I have to cut myself some slack. Maybe some will stay in the story. Maybe some are just in there as markers for me to remember how I want a character or setting to be imagined. I just need to push through this chapter to get to the next in which the action picks up again. I’ll fix them during revisions.

This concern recalled a book I recently finished, Kate Mosse’s Sepulchre. Overall, a good book. A biographer journeys to France to research Debussy but is actually searching for her family’s past. A parallel story set in 1891 intertwines with the present. History, France, romance – I’ll take it.

One thing irked me about Sepulchre, a small detail relating to details. In the modern day chapters, especially in the first couple of them, the protagonist is described as pulling on Banana Republic jeans or sporting an Abercrombie & Fitch sweater. Now, I have nothing wrong with these two brands (see this lovely dress and pair of jeans here) except that I can’t really afford them.

What I want to know is why these details mattered.

Our heroine, Meredith, is at the end of her Ph.D., most likely not making a ton of money. We actually learn of her financial woes because she keeps checking her bank account online until her book advance is deposited. So does she spend all her money on name-brand items and subsist on Ramen? Does her adoptive mother splurge on expensive clothes to make up for Meredith’s troubled childhood? After I finished reading Sepulchre, it seemed that there was no answer for those stand-out details.

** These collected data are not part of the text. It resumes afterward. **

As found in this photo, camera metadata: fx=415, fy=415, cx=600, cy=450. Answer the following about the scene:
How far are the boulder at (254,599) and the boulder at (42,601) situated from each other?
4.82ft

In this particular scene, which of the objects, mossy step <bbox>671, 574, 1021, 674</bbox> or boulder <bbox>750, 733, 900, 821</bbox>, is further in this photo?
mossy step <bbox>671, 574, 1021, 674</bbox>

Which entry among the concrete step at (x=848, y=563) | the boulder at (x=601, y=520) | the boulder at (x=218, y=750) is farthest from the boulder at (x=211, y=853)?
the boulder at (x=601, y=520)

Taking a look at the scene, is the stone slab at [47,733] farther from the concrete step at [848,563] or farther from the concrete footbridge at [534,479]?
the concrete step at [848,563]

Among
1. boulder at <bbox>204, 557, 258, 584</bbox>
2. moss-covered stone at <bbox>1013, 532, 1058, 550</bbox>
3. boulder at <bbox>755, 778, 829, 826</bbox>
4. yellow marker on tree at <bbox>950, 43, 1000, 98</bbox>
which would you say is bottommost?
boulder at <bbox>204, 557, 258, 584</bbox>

I assume that Mosse wanted to find strong ways to delineate between the heroine of the present – Meredith – and the heroine of 1891 – Léonie. I felt she had already succeeded in that by her shift in narrative tone. Even though all chapters are in the third-person, Leonie’s chapters feel stiffer and Meredith’s read modern. The sentences are longer and more formal for the past and shorter and chattier for the present.

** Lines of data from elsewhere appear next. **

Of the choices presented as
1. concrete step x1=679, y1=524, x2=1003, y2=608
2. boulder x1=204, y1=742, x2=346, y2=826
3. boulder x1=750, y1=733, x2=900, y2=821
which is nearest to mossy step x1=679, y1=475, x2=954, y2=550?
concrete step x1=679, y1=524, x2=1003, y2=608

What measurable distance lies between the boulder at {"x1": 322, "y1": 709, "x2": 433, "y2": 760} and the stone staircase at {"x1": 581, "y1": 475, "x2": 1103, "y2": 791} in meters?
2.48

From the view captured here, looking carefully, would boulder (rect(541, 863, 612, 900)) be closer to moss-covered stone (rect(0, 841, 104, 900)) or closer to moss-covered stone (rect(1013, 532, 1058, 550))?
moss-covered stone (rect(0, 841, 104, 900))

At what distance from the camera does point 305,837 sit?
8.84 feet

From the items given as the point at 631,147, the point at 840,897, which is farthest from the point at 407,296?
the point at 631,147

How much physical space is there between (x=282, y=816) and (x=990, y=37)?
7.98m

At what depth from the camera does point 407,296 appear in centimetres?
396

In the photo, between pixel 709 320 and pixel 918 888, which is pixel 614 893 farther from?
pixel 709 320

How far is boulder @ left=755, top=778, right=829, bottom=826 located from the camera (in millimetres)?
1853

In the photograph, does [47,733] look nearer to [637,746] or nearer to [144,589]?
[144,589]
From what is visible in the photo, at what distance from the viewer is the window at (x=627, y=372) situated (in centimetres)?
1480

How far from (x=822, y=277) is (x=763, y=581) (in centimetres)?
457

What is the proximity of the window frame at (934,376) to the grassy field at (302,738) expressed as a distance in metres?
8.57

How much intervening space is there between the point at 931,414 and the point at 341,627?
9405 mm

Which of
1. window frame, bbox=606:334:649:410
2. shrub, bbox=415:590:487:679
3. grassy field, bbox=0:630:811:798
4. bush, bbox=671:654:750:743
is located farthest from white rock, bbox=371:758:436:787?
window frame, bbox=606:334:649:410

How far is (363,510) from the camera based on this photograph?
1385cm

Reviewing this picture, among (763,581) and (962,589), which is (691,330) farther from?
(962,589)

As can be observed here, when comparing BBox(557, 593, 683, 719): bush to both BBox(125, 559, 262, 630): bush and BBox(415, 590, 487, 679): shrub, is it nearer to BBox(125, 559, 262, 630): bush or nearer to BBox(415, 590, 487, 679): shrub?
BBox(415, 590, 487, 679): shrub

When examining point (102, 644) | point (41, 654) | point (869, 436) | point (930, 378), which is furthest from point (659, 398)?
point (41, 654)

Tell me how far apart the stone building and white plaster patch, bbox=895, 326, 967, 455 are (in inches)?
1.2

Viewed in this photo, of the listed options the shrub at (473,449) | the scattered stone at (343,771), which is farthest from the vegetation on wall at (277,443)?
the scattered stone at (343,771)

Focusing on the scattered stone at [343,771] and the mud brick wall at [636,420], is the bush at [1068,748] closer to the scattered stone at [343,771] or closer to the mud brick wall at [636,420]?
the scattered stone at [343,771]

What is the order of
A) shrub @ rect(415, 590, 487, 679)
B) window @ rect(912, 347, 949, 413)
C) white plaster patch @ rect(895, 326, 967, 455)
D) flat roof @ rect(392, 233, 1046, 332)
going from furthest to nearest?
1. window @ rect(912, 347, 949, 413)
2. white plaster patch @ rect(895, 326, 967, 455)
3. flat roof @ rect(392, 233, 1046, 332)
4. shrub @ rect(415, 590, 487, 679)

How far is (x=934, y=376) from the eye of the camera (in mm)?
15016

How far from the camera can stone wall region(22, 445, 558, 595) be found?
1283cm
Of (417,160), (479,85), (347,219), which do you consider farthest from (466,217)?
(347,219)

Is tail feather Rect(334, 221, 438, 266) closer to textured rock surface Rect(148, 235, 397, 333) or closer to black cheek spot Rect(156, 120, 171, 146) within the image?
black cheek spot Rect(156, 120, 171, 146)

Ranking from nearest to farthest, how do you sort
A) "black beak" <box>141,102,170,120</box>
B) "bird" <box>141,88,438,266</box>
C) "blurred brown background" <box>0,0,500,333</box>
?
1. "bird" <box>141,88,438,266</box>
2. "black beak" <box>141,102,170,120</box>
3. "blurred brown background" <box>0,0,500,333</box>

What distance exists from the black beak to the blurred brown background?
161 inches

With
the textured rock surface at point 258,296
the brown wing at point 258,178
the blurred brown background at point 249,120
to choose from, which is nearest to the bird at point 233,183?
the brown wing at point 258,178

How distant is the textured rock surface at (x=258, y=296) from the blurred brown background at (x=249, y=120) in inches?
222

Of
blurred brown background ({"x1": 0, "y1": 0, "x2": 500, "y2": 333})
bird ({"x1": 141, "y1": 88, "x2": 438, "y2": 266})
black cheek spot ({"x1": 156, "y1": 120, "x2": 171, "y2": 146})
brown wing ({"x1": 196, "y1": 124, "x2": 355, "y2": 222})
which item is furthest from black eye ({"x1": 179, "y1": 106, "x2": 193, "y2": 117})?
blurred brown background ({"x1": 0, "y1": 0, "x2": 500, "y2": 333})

Mosse must have felt that adding details like Banana Republic and Abercrombie & Fitch would ground Meredith in the present. Those details only served to catch my attention and raise questions that I don’t think the author ever intended as important. It doesn’t matter what brands Meredith wears so long as she is comfortable enough to traipse through a cemetery and search the past for clues.

This is unlike chick-lit, or at least chick-lit about women focused on fashion. Name-dropping about labels is required in those books because that is how those characters see the world. And even then sometimes it gets to be a little much. At least those details are appropriate to the tone of the genre.

These label-specific details stand out in the way I fear my clunker images will: bright and atrocious and remembered after the last page is read. For now, I’ll let my terrible first draft details stand. They are by no means name-dropping details but they are my personal brand of details and way too heavy-handed at this point. They’ll last as long as the first draft takes and then it’s the red pen for them! Unless, of course, I really like one and decide to keep it.